M2 Max GPU utilization steadily dropping while running inference with huggingface distilbert-base-cased

MacBook Pro M2 Max 96gb macOS 13.3 tensorflow-macos 2.9.0 tensorflow-metal 0.5.0

Repro Code:

from transformers import AutoTokenizer, TFDistilBertForSequenceClassification
from datasets import load_dataset
import tqdm

imdb = load_dataset('imdb')
sentences = imdb['train']['text'][:500]

tokenizer = AutoTokenizer.from_pretrained("distilbert-base-cased")
model = TFDistilBertForSequenceClassification.from_pretrained('distilbert-base-cased')

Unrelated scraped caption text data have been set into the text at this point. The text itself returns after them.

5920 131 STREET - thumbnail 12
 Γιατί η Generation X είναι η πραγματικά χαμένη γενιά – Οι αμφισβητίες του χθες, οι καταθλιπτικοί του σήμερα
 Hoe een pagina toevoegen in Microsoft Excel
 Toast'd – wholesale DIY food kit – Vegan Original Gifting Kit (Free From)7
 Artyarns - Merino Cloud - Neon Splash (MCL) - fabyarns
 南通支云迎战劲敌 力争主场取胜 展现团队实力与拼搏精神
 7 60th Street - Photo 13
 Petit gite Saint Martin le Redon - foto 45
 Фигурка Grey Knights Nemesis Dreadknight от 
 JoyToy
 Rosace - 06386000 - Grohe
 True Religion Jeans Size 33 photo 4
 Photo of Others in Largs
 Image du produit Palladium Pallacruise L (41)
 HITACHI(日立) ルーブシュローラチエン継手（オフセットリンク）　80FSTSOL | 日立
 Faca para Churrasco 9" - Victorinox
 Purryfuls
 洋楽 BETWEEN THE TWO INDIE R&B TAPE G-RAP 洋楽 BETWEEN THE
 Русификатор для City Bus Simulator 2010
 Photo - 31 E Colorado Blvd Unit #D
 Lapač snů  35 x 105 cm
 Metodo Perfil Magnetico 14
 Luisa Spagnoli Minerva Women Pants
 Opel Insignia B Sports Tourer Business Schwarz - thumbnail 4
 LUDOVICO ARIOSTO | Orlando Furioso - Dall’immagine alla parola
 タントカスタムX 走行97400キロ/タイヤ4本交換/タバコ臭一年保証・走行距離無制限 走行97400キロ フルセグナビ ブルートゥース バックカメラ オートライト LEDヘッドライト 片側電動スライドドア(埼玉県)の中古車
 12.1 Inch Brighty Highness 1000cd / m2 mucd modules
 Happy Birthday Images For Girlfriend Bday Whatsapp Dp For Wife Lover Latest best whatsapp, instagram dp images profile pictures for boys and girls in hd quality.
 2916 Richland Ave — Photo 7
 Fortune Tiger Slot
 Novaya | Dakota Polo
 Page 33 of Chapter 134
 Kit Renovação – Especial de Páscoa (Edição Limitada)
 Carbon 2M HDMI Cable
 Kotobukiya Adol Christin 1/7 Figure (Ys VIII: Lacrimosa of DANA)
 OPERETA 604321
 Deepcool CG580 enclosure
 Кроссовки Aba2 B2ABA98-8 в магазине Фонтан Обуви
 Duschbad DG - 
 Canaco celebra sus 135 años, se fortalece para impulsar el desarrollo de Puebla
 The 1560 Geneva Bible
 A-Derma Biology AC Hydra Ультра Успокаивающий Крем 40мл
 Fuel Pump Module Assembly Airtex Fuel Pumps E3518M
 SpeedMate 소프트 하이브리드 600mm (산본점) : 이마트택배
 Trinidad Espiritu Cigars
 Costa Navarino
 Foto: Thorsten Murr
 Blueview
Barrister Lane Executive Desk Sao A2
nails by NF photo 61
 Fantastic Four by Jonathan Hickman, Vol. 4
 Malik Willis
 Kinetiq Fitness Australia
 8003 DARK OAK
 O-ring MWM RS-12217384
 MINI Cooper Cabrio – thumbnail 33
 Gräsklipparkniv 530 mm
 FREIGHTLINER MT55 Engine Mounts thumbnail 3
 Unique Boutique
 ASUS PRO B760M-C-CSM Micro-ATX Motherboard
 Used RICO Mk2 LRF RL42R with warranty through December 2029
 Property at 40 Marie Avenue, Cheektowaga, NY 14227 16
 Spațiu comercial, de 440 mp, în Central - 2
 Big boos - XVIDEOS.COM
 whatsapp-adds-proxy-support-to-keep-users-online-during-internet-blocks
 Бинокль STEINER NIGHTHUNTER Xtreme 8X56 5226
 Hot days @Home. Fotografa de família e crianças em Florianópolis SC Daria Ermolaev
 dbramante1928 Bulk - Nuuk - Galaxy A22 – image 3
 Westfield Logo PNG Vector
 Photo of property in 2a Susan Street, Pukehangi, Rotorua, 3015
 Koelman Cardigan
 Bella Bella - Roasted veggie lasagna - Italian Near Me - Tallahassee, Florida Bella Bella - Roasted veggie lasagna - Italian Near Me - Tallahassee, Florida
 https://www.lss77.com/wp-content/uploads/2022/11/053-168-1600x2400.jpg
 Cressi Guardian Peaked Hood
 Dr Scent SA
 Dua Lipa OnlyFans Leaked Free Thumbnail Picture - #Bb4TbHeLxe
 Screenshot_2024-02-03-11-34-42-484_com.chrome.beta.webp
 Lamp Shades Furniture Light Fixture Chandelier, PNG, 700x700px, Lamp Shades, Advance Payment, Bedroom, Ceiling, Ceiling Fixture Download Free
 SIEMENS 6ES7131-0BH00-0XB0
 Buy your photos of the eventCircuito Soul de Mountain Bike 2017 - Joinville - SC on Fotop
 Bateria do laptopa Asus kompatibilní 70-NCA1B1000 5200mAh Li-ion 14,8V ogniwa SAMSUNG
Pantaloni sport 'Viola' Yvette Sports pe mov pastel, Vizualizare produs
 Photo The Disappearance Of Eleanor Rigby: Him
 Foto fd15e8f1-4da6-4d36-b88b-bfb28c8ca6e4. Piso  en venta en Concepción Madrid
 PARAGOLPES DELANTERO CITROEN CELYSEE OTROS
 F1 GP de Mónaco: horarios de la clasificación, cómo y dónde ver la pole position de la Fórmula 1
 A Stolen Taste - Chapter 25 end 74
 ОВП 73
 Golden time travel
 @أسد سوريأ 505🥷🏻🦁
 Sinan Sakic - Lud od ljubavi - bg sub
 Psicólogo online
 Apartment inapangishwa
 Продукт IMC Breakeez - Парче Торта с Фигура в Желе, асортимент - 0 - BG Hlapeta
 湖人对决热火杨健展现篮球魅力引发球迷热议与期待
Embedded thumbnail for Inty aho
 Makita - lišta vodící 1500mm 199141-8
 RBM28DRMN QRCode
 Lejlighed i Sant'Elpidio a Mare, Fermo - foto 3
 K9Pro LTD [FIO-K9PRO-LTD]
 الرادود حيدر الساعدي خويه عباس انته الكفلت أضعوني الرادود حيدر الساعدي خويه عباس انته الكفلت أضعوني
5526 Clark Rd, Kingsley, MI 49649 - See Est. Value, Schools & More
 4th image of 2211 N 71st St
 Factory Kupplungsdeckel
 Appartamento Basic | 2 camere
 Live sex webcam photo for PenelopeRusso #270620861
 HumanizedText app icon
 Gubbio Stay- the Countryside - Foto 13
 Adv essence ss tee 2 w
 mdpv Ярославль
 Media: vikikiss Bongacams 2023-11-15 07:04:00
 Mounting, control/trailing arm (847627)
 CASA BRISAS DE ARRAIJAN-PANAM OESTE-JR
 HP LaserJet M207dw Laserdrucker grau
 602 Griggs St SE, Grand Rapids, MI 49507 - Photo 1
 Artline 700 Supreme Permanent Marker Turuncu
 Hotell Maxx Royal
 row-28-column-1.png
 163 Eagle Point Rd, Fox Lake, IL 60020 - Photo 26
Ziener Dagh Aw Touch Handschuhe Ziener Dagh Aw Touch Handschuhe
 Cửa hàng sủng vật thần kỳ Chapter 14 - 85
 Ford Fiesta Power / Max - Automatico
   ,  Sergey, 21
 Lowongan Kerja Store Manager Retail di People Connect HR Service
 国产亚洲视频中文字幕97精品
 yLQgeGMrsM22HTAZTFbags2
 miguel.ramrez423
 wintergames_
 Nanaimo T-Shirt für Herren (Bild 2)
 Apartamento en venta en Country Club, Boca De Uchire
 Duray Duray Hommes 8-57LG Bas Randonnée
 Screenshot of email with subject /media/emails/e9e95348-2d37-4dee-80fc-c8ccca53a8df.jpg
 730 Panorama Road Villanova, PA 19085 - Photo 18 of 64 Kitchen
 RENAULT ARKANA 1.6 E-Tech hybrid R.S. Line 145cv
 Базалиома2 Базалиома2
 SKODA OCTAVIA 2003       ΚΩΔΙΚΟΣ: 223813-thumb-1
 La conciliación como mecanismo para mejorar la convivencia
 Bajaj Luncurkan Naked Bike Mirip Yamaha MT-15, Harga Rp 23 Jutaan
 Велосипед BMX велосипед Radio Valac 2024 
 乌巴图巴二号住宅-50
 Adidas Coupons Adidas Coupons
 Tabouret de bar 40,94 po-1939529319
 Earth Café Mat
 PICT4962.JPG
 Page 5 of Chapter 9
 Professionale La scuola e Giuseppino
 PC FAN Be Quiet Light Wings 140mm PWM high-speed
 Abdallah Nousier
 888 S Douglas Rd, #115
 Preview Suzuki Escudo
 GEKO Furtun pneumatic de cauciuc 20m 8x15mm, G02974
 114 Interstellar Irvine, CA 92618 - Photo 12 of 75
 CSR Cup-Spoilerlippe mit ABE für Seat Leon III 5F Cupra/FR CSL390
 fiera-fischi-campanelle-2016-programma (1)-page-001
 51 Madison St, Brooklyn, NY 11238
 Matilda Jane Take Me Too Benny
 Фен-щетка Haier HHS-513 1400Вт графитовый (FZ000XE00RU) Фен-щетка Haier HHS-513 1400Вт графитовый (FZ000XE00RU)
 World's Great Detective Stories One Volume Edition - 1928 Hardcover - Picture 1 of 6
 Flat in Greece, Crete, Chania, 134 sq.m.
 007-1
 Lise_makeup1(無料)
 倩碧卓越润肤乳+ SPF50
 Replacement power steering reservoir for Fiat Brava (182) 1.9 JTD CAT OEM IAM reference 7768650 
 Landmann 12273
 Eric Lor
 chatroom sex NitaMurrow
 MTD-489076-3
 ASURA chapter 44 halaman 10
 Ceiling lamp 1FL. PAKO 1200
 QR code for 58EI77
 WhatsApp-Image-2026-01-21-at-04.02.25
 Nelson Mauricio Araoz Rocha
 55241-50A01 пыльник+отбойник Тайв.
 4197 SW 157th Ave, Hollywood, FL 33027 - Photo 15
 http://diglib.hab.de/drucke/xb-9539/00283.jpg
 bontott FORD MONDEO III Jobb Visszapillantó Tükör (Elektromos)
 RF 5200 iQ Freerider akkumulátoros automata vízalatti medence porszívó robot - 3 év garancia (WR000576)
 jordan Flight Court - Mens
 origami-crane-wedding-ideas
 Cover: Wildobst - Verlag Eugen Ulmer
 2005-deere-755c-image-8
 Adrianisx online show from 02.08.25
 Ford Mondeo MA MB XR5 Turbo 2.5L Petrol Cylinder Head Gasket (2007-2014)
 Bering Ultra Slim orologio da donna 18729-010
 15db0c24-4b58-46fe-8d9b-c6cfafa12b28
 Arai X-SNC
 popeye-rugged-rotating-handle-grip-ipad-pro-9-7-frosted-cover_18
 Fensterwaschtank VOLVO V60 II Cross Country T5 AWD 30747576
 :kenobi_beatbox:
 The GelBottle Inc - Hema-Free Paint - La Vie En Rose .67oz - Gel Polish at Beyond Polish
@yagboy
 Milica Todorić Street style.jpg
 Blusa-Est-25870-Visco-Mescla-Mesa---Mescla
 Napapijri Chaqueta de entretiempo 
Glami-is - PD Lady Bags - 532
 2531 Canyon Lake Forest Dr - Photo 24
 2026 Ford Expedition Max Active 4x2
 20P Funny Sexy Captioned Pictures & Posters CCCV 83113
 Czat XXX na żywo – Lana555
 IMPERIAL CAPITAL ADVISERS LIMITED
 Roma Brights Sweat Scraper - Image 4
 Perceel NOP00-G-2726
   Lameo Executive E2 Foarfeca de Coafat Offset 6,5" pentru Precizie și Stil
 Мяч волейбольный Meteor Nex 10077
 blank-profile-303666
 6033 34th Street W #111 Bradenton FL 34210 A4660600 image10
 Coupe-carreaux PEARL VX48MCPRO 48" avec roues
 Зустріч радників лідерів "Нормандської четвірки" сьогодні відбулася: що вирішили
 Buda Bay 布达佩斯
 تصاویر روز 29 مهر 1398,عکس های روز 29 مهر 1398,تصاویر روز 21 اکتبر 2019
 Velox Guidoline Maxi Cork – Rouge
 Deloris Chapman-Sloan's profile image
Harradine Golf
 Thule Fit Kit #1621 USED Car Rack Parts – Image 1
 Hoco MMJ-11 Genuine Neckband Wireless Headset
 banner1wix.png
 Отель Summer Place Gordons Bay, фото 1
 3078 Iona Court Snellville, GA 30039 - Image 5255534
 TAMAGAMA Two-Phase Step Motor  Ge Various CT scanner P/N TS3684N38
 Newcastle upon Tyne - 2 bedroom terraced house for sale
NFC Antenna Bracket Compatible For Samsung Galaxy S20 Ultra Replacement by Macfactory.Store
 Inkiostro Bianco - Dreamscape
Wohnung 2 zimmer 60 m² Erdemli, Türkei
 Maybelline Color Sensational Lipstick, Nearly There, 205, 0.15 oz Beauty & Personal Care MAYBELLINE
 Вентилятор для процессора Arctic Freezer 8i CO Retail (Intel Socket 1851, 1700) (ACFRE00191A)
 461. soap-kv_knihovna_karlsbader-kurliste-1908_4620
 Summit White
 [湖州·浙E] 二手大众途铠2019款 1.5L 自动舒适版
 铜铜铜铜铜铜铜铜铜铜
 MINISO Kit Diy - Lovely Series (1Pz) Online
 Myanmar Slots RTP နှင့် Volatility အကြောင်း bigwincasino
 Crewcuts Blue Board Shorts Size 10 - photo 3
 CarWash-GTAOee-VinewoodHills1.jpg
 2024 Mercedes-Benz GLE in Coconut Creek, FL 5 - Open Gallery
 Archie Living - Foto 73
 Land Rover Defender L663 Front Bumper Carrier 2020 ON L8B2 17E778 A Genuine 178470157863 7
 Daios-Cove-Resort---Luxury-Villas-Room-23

for i, sentence in tqdm(enumerate(sentences)):
  inputs = tokenizer(sentence, truncation=True, return_tensors='tf')
  output = model(inputs).logits
  pred = np.argmax(output.numpy(), axis=1)

  if i % 100 == 0:
    print(f"len(input_ids): {inputs['input_ids'].shape[-1]}")

It comes excruciating slow after about 300-400th record. It even dropped below 2% (smaller than that Window Server proc). Here are the prints:

Metal device set to: Apple M2 Max

systemMemory: 96.00 GB
maxCacheSize: 36.00 GB

3it [00:00, 10.87it/s]
len(input_ids): 391
101it [00:13,  6.38it/s]
len(input_ids): 215
201it [00:34,  4.78it/s]
len(input_ids): 237
301it [00:55,  4.26it/s]
len(input_ids): 256
401it [01:54,  1.12it/s]
len(input_ids): 55
500it [03:40,  2.27it/s]

I am aware this loop looks wrong:

  1. Use batches for GPU
  2. Use CPU if you want to do it one at a time.

But it is still unsettling to observe the GPU utilization decay 'cos I don’t think this happens on colab (or just linux with CUDA). So it has something to do with Apple Meta Silicon.

Just wonder what could the root cause be. If a bug is indeed lurking around, this may rear its head on me when I do longer bigger real training.

I logged an issue for TF: M2 GPU utilization decays from 50% to 10% in non batched inference for huggingface distilbert-base-cased · Issue #60271 · tensorflow/tensorflow · GitHub

I also posted a “workaround” there.

Sad news is I did a real training trial, fine-tuning distill Bert (with TF). I used batch_size=128 (could be the culprit) and first 200 steps went ok… but then started hitting error:

Error: command buffer exited with error status.
	The Metal Performance Shaders operations encoded on it may not have completed.
	Internal Error (0000000e:Internal Error)
	<AGXG14XFamilyCommandBuffer: 0xf259be4d0>
    label = <none> 
    device = <AGXG14CDevice: 0x1196d8200>
        name = Apple M2 Max 
    commandQueue = <AGXG14XFamilyCommandQueue: 0x2d9e5e800>
        label = <none> 
        device = <AGXG14CDevice: 0x1196d8200>
            name = Apple M2 Max 
    retainedReferences = 1

These errors seemed quite ominous, and I waited till it completed 1 epoch, which is like >3 slower than T4 (on colab), and quite bad accuracy (this could be due to large batch_size => less # steps/epoch).

I hope to reduce the batch_size and see when this will go away. Even if small batch_size is desired for my dataset size and fine tuning, it is still worrying to see it failed at “only” batch_size of 128. I got 96gb for the reason of exploring larger batch size… if I have to reduce this, it may be cheaper to just go with Nvidia (at risk of losing mobility and power cost).

Update: Again, I tracked this may as well due to unequal input length during training. I switched to max_len + padding and ensure 512 tokens at every batch and now I am getting perf on par with T4, and >90% GPU utilization. This is really pointing at a TF-Metal specific bug. Will try larger batch next, and get the $$ worth. M2Max is $$.